Tony Blair dismissed his former spin doctor's account of what his Cabinet was told about the Iraq War's legality as "absolutely not true" yesterday.
In the latest volume of his diaries, Alastair Campbell claims Lord Goldsmith, then Attorney General, was prevented in 2002 from telling the Cabinet about his "doubts" on the legal basis for war.
But in an interview with the BBC's Andrew Marr, Mr Blair denied he had intervened to stop Lord Goldsmith giving the Cabinet the "reality" of the legal position Britain faced if it went to war against Saddam Hussein's regime without the backing of the United Nations.
According to Mr Campbell's diaries, Mr Blair feared any nuanced evaluation would give too much ammunition to the Cabinet's leading anti-war critics, Robin Cook and Clare Short.
The issue of the Iraq War's legality has continued to hound Mr Blair since he left Downing Street in 2007. Following a story in yesterday's Independent on Sunday which claimed Mr Blair had "misled" the Cabinet, the former Prime Minister told the BBC, "People like The Independent – you know I'll never win this argument with them over Iraq."
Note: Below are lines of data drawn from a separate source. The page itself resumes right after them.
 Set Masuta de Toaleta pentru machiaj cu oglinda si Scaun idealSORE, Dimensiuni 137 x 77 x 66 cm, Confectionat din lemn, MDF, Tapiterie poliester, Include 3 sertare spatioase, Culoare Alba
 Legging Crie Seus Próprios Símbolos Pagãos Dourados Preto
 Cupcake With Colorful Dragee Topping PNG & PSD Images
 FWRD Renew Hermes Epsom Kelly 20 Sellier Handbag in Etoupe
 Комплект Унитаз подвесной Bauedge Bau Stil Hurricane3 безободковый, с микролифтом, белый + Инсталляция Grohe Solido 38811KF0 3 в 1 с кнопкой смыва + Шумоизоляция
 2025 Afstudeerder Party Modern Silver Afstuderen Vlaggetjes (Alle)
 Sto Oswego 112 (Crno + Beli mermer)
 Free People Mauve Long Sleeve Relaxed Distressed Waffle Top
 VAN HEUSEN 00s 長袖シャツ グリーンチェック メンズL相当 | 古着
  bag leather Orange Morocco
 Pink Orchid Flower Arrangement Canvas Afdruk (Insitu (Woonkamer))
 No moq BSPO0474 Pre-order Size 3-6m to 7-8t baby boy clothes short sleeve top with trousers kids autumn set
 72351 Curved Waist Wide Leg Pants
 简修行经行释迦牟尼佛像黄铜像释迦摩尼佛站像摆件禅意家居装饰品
However Mr Campbell's account chimes with much of the detail that Lord Goldsmith gave the Chilcot Inquiry in 2010. In his written testimony, the Cabinet's former senior legal adviser said he had been kept out of the loop during key meetings in late 2002. He said his legal advice on UN negotiating tactics "was not sought".
Other documents released to the inquiry showed Lord Goldsmith was continuing to warn about the legal consequences of invading Iraq without fresh UN authority right up to the beginning of February 2003.
According to the Campbell diaries: "TB [Tony Blair] also made it clear he did not particularly want Goldsmith to launch a detailed discussion at Cabinet ... With the mood as it was with Robin [Cook] and Clare [Short]... he knew if there was any nuance at all, they would be straight out saying the advice was that it was not legal, the AG [attorney general] was casting doubt on the war. Peter Goldsmith was clear that he was casting doubt in some circumstances and if Cabinet had to approve the policy of going to war, he had to be able to put the reality to them."
Mr Blair told the BBC: "The notion that the Cabinet never discussed this issue is absurd".
Some MPs, including the former Liberal Democrat leader, Sir Menzies Campbell, have demanded that Sir John Chilcot reconvene a special session of his inquiry to re-examine the accounts given by Mr Blair, Mr Campbell and Lord Goldsmith.